Anche Beck ha 50 anni
Una buona scusa per riascoltare le sue otto canzoni migliori, scelte dal peraltro direttore Luca Sofri, a partire da quella che sanno tutti
Oggi Beck compie cinquant’anni: qui abbiamo raccolto otto canzoni scelte dal peraltro direttore del Post Luca Sofri, nel libro Playlist, la musica è cambiata.
Si chiama Beck Hansen: suo padre è musicista, la madre frequentava la Factory di Andy Warhol. Anche lui era un po’ stranetto e insieme a un’insana passione per i collage, coltivò il suo talento musicale vivendo per le strade di New York e suonando nei club.
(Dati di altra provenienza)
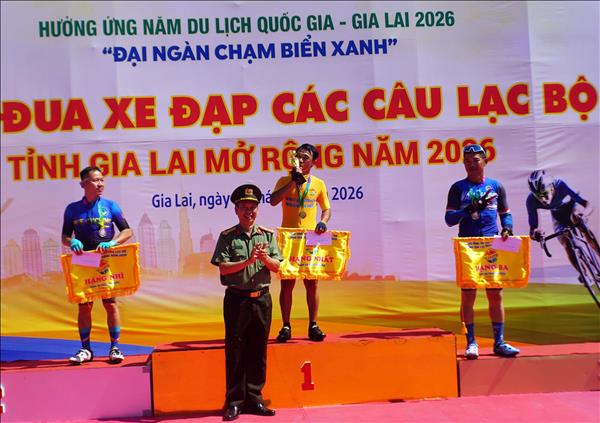 Hơn 135 vận động viên tranh tài Giải đua xe đạp các câu lạc bộ tỉnh Gia Lai mở rộng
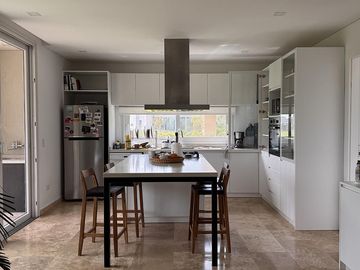 Casa en venta en Barrio La Calesa, Pilará, Pilar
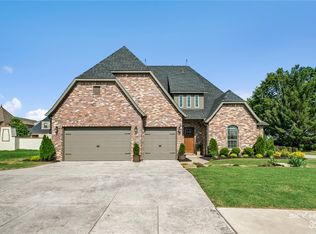 311 SW Chardonnay St, Bentonville, AR 72712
Poi incise “Loser” e venne nominato genio. Dopo, non riuscì più a togliersi la definizione di dosso neanche quando fa musica inascoltabile.
Loser
(EP, 1991, Mellow Gold, 1994)
Voleva fare il rap, e non gli veniva, racconta lui. «Sono il peggior rapper del mondo, uno sfigato» si disse durante un tentativo in questo senso: “a loser”. E così nacque la canzone, che non gli sembrò neanche granché, quando l’ebbero messa giù assieme al produttore Carl Stephenson. Invece divenne un monumento, un inno, e l’annuncio di cose nuove, col suo misto di blues e rap e il refrain assassino. Un bum bum bum.
Devil’s haircut
(Odelay, 1996)
«Di che parla questa canzone?». Se lo chiese persino lui, una volta in tv. Un gran casino di immagini sbilenche e assurde. Un’altra volta la definì «una metafora piuttosto facile del male che nasce dalla vanità». Il riff di chitarra è preso da “I can only give you everything” dei Them di Van Morrison.
Where it’s at
(Odelay, 1996)
Campionamenti di mille cose (tra cui il parlato di un vecchio corso di educazione sessuale per adolescenti) intorno a un organo che pare i Doors e al racconto di un party metropolitano.
Tropicalia
(Mutations, 1998)
Una cosa caraibica e vintage, racconto di luoghi caldi e con le palme.
Cold brains
(Mutations, 1998)
Ballatona, abbastanza tradizionale nella costruzione e con tanto di armonica, non fosse per fronzoli e cotillons sonori assai più moderni appiccicati qua e là.
The golden age
(Sea change, 2002)
Un giorno Beck si svegliò convinto di essere Nick Drake sbarcato su una spiaggia della California. La parte gli venne piuttosto bene: un disco acustico di ballate folk-rock ortodosse e testi sentimentali e semplici. I fans furono piuttosto perplessi: non si ballava e non c’erano disordini creativi. Il resto del mondo la prese meglio, e il disco fu il suo maggior successo di vendite. Si apriva con “The golden age” e l’arrangiamento degli archi era del padre di Beck, David Campbell.
Lost cause
(Sea change, 2002)
Secondo quel che si dice, Winona Ryder ha avuto storie con Johnny Depp, Matt Damon, Daniel DayLewis, David Duchovny, Val Kilmer, Chris Noth, Jimmy Fallon, Christian Slater, Conor Oberst (Bright Eyes), Ryan Adams, Evan Dando (Lemonheads), Adam Duritz (Counting Crows), Dave Pirner (Soul Asylum), Franz Hemingbeck, Dave Grohl (Nirvana), Page Hamilton (Helmet), Jason Kay, Rhett Miller e Pete Yorn. E Beck, pure. Il testo di “Lost cause” induce quindi a dei sospetti sulla destinataria, causa persa:
“There’s too many people you used to know
They see you coming they see you go
They know your secrets and you know theirs
This town is crazy; nobody cares”
Girl
(Guero, 2005)
È uno di quei casi («lo sanno fare benissimo i Pixies» dice Beck) in cui credi di ascoltare una canzone allegra e solare e poi fai attenzione alle parole e scopri che dice delle cose terribili tipo “le strapperò gli occhi, la farò morire”. Ma ormai il ritornello ti è entrato in testa, e la canticchi senza farci caso, anche quando è venuta a pranzo tua zia di Manchester.